Baculovirus expression of recombinant PpAChE
PpAChE1 clones were constructed, sequenced, and expressed as baculovirus expression clones in Sf21 insect cells in sf900 III serum-free medium (Life Technologies/Gibco) as previously described [31, 32]. Serum-free cell culture baculovirus lysates were collected and centrifuged to remove cell debris and supernatants were used for biochemical characterization of recombinant PpAChE1.

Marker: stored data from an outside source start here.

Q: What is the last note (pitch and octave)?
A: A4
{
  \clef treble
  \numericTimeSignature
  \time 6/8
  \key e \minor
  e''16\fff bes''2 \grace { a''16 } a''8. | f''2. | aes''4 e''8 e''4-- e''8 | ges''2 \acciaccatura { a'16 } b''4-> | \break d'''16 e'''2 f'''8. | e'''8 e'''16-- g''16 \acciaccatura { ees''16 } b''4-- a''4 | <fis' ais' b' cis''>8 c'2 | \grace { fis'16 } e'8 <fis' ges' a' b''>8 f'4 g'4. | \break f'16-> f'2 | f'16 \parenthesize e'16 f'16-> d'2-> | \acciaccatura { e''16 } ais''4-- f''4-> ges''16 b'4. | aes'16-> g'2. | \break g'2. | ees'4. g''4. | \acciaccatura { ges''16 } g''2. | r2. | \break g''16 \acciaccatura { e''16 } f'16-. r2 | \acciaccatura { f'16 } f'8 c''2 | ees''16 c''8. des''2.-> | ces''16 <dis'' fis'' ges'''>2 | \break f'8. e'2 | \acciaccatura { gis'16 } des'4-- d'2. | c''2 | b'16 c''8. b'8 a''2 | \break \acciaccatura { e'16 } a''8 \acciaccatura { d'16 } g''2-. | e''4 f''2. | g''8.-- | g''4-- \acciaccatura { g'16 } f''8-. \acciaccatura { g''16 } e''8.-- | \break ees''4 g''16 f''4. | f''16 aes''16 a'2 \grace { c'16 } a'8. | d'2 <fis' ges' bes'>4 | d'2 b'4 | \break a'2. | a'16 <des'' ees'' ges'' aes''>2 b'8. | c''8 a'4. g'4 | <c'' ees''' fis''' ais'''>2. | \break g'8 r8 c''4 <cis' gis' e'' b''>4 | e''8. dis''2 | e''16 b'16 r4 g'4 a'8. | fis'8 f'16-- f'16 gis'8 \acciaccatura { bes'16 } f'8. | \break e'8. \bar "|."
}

Biochemical characterization of rPpAChE1
AChE activity of baculovirus culture supernatant was measured by a modified Ellman’s method as described previously  except that the reaction was monitored every minute for 30 min to establish initial velocity. For inhibition studies, rPpAChE was preincubated with an appropriate concentration of the inhibitor at 23°C for 10 min in 100 μl in the microtiter plate without substrate or DTNB [(5’.5’-dithiobis-(2-nitrobenzoic acid)] and AChE activity was monitored for 10 min after initiation of the reaction by addition of 100 μl substrate and DTNB. Cholinesterase inhibitors included the AChE-specific inhibitors eserine and BW284c51, butyrylcholinesterase-specific inhibitors ethopropazine and iso-OMPA, and oxidized organophosphates, paraoxon and malaoxon. All chemicals were of reagent grade obtained from Sigma Chemical Co. Data were analyzed and plotted using GraphPad Prism ver. 5.0 (GraphPad Prism, Inc., La Jolla, CA).

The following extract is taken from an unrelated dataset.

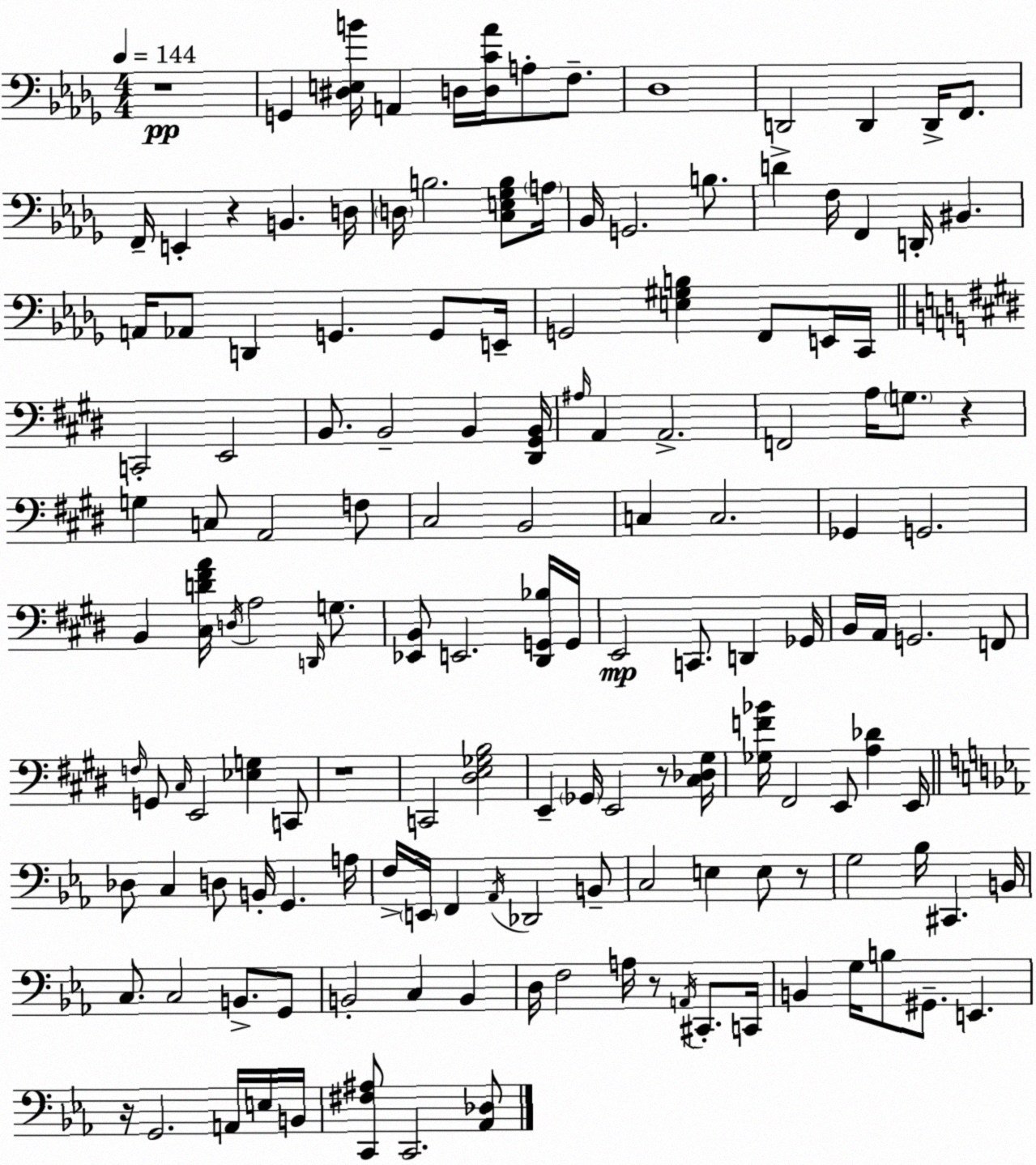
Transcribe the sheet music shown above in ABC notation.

Beginning with a presumptive acetylcholinesterase partial sequence (111 nucleotides) of Phlebotomus perniciosus [GenBank: AJ865843], we constructed oligodeoxynucleotide primers for 5’-, and 3’-RACE to obtain the complete PpAChE cDNA sequence [GenBank: JQ922267] (Additional file 1). Both strands were sequenced for the entire presumptive coding sequence of the cDNA at least three times. Oligodeoxynucleotide primers used for sequencing or 3’-/5’-RACE are listed in Table 1. The sequence obtained for the presumptive PpAChE1 cDNA of P. papatasi was comprised of 2309 nucleotides organized as a 71-nucleotide 5’-untranslated region, an open reading frame (ORF) of 2130 nucleotides, and a 105-nucleotide 3’-untranslated region. BLAST homology search  of GenBank (11,299,630 sequences) found significant nucleotide identity (73-83%) to the AChE mRNA sequences of a mosquito, Culex tritaeniorhynchus [GenBank: AB122152] and for the new world sand fly L. longipalpis (partial codes, 1188 nucleotides, [GenBank: DQ898276]) respectively, as well as to other arthropod AChEs.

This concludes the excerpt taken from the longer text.